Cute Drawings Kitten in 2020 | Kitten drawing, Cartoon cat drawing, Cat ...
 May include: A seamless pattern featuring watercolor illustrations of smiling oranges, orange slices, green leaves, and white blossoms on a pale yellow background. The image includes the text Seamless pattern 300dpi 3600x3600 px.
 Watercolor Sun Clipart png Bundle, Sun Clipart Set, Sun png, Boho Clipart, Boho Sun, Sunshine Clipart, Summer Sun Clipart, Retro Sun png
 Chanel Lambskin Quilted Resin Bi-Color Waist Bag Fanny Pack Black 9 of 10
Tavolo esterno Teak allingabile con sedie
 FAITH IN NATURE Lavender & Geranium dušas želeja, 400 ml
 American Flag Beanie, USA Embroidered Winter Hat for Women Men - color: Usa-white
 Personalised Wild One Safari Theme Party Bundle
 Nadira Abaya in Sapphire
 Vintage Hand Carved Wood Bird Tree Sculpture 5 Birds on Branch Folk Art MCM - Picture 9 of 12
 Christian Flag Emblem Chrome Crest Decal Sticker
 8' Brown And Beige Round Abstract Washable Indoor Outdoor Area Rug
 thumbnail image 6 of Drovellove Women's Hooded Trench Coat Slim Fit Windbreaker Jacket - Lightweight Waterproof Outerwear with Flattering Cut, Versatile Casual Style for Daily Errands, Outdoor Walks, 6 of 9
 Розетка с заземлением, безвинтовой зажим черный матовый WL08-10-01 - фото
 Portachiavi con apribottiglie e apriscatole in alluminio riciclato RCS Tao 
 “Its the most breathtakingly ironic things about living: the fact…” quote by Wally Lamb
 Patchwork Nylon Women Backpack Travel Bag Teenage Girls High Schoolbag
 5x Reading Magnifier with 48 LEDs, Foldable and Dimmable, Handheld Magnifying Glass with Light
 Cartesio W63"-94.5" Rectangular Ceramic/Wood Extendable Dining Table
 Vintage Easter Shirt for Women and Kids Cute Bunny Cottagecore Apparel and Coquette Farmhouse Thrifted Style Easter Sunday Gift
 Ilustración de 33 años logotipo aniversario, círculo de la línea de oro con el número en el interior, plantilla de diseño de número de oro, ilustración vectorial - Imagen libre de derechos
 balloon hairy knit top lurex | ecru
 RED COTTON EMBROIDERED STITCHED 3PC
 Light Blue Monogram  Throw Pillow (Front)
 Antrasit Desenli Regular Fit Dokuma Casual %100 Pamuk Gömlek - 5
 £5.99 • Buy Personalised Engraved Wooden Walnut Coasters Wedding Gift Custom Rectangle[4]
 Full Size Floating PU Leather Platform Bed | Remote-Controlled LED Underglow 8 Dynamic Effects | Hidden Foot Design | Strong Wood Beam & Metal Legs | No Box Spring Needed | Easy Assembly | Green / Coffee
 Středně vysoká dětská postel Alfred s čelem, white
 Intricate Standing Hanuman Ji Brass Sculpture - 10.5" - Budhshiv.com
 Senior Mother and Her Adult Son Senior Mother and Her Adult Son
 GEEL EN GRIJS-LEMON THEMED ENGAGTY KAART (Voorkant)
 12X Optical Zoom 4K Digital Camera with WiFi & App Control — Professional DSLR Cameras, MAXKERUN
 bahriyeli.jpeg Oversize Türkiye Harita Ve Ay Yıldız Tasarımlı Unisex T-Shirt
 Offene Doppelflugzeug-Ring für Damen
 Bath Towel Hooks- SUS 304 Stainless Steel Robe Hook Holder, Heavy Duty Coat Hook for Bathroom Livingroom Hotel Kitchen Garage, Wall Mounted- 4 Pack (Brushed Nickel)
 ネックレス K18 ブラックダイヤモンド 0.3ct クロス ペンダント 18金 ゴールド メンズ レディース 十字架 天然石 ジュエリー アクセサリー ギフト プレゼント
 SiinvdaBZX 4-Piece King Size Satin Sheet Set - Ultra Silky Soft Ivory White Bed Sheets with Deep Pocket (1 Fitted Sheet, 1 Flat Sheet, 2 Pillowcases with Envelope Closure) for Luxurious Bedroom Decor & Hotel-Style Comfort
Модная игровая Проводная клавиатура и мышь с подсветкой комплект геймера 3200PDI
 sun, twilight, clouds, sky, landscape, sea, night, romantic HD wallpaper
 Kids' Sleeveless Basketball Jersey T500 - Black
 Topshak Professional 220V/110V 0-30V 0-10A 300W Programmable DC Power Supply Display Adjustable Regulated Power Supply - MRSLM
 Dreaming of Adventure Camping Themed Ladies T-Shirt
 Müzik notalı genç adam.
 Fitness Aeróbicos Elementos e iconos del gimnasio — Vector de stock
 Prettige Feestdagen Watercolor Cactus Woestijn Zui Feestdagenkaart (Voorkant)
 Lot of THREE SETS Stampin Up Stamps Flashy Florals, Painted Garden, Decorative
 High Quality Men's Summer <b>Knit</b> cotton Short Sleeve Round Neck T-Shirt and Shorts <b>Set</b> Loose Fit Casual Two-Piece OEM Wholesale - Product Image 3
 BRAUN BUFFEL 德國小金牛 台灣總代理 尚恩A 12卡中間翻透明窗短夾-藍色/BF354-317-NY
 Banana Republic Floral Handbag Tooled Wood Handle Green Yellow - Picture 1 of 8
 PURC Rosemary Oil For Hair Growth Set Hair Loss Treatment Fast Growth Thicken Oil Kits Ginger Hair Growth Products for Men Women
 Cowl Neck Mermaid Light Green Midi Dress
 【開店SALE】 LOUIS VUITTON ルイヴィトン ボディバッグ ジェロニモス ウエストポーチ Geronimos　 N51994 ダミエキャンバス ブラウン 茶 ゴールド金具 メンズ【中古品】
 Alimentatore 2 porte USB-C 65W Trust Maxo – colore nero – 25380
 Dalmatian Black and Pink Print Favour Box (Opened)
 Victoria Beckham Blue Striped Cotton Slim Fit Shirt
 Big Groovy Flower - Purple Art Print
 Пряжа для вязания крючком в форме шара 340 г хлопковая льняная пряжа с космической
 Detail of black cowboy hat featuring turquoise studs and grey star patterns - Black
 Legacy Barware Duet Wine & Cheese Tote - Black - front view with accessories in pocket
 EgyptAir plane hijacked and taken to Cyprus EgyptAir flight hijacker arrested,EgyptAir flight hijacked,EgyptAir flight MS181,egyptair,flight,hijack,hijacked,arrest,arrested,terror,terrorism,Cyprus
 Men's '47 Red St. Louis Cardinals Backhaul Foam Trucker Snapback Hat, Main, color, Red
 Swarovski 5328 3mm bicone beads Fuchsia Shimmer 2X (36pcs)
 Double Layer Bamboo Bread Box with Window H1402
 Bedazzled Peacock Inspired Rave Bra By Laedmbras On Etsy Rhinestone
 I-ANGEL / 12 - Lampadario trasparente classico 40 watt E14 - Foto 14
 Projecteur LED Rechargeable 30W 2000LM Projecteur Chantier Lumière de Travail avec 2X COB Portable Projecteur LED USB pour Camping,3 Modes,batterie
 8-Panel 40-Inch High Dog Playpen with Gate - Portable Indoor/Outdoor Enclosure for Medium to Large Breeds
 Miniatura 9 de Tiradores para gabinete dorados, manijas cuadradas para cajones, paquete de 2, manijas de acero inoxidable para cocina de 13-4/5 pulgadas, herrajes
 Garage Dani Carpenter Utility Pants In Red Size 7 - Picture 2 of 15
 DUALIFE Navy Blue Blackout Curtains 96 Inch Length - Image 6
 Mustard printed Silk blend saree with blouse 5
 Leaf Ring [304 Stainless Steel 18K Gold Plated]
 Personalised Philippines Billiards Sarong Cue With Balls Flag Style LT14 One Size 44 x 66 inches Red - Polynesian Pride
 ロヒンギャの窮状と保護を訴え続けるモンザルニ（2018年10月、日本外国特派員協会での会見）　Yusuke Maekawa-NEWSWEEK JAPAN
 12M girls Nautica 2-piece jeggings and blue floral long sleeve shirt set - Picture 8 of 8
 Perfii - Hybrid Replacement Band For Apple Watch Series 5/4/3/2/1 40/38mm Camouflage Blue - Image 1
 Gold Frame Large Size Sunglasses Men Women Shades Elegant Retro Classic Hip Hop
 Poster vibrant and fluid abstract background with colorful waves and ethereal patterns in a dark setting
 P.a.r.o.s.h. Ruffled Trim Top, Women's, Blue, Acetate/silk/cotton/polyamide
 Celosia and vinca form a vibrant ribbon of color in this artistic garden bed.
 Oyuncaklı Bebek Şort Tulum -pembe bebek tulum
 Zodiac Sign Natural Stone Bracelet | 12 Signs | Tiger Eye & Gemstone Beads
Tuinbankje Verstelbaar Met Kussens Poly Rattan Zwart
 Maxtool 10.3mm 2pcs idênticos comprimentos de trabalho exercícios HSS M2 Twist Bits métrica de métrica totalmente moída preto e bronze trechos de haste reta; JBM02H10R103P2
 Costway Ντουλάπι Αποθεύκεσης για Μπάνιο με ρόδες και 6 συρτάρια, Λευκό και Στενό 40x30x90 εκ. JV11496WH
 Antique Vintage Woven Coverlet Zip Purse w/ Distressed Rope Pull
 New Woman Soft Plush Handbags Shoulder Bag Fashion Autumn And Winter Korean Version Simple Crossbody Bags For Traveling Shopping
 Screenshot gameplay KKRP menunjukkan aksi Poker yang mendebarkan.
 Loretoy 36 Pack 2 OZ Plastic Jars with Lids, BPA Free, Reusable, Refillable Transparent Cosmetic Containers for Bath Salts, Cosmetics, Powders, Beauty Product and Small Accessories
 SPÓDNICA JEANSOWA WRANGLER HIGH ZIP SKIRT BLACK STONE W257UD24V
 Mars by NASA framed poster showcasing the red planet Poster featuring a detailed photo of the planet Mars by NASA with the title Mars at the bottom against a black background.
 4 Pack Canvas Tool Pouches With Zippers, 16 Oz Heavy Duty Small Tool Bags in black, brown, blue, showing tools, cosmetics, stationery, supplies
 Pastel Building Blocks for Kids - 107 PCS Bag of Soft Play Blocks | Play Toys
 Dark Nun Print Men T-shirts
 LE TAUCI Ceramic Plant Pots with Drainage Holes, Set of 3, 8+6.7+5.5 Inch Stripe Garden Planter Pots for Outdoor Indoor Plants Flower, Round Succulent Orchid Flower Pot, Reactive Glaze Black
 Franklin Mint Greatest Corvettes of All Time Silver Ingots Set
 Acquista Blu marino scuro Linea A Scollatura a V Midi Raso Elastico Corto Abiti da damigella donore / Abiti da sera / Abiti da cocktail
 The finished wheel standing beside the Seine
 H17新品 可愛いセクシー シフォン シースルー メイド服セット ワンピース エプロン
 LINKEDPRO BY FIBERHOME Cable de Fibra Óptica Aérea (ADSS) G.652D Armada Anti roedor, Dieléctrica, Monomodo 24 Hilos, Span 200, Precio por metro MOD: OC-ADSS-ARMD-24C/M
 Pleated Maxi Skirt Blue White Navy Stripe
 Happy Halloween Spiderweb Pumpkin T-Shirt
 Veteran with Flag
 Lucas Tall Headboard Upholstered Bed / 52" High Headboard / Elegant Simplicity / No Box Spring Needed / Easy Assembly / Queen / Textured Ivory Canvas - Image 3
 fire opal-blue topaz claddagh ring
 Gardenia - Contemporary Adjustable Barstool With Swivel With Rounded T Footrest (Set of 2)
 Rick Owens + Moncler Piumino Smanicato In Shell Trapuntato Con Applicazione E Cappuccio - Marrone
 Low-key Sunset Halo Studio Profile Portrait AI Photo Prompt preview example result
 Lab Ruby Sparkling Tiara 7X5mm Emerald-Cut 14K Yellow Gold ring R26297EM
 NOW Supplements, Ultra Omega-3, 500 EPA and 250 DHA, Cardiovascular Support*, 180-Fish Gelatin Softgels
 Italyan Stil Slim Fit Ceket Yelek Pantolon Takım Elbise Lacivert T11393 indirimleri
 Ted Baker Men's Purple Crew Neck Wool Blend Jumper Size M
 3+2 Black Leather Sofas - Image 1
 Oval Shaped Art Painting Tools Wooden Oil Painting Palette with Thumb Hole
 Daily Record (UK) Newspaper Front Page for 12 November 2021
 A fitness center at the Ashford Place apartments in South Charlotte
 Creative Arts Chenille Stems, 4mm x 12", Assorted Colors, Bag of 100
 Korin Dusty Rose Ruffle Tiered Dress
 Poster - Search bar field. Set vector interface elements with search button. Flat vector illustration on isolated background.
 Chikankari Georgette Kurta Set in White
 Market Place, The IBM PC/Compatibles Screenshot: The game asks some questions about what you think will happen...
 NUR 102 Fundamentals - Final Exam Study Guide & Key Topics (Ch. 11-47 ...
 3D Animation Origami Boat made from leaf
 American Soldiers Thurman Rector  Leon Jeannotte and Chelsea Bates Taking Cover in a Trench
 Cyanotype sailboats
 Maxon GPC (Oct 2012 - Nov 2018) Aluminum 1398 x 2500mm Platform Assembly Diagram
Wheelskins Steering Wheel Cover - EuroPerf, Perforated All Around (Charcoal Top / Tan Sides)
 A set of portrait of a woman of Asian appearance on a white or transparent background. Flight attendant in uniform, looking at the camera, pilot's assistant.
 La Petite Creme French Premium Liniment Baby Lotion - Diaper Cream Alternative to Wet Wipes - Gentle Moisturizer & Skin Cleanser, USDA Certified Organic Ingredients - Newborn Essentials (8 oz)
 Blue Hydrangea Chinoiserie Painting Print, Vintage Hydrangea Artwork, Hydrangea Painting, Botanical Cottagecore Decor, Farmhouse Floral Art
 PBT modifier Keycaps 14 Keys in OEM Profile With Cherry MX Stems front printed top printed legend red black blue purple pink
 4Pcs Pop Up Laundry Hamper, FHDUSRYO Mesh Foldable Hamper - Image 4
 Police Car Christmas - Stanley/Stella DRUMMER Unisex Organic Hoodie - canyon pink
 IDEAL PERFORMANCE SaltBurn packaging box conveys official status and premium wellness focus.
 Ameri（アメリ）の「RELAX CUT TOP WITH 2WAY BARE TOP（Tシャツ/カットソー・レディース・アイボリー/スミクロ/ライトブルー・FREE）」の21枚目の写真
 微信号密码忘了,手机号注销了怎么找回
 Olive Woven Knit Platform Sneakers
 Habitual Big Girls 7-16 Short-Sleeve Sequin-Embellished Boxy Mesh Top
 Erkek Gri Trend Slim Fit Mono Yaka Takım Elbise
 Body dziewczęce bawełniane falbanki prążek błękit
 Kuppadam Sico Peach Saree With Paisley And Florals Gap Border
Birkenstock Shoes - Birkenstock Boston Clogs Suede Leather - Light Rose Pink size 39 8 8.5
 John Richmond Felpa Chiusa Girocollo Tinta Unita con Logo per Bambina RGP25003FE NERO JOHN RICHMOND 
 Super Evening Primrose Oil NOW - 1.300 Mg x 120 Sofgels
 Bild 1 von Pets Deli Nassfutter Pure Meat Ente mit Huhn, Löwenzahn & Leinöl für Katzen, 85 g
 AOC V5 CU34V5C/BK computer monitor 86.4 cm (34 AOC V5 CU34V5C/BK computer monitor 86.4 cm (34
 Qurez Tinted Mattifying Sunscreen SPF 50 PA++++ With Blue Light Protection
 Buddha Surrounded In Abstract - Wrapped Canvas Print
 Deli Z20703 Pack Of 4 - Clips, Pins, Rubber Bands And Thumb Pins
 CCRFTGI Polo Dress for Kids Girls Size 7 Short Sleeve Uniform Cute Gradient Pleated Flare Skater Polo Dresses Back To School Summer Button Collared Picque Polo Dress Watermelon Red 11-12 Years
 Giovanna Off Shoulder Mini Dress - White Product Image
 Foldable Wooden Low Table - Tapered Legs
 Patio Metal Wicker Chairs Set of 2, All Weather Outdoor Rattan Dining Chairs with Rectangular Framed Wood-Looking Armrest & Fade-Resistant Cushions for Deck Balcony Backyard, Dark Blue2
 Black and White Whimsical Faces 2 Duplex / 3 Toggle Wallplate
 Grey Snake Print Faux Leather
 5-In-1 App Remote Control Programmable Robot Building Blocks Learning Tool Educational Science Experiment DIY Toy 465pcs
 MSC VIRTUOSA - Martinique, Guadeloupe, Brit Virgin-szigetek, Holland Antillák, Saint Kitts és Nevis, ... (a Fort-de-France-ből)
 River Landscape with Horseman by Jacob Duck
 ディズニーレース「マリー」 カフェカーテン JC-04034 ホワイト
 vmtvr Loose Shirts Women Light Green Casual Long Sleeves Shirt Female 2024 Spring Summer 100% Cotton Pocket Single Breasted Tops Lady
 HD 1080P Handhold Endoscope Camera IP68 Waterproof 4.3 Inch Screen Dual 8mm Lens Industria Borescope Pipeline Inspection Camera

++++++++

## YOUR ASSIGNMENT
Within the data above, the lines from the one with "P.a.r.o.s.h. Ruffled Trim" to the one with "New Woman Soft" must be repeated exactly; no other line belongs in the answer.

## YOUR SOLUTION
 P.a.r.o.s.h. Ruffled Trim Top, Women's, Blue, Acetate/silk/cotton/polyamide
 Celosia and vinca form a vibrant ribbon of color in this artistic garden bed.
 Oyuncaklı Bebek Şort Tulum -pembe bebek tulum
 Zodiac Sign Natural Stone Bracelet | 12 Signs | Tiger Eye & Gemstone Beads
Tuinbankje Verstelbaar Met Kussens Poly Rattan Zwart
 Maxtool 10.3mm 2pcs idênticos comprimentos de trabalho exercícios HSS M2 Twist Bits métrica de métrica totalmente moída preto e bronze trechos de haste reta; JBM02H10R103P2
 Costway Ντουλάπι Αποθεύκεσης για Μπάνιο με ρόδες και 6 συρτάρια, Λευκό και Στενό 40x30x90 εκ. JV11496WH
 Antique Vintage Woven Coverlet Zip Purse w/ Distressed Rope Pull
 New Woman Soft Plush Handbags Shoulder Bag Fashion Autumn And Winter Korean Version Simple Crossbody Bags For Traveling Shopping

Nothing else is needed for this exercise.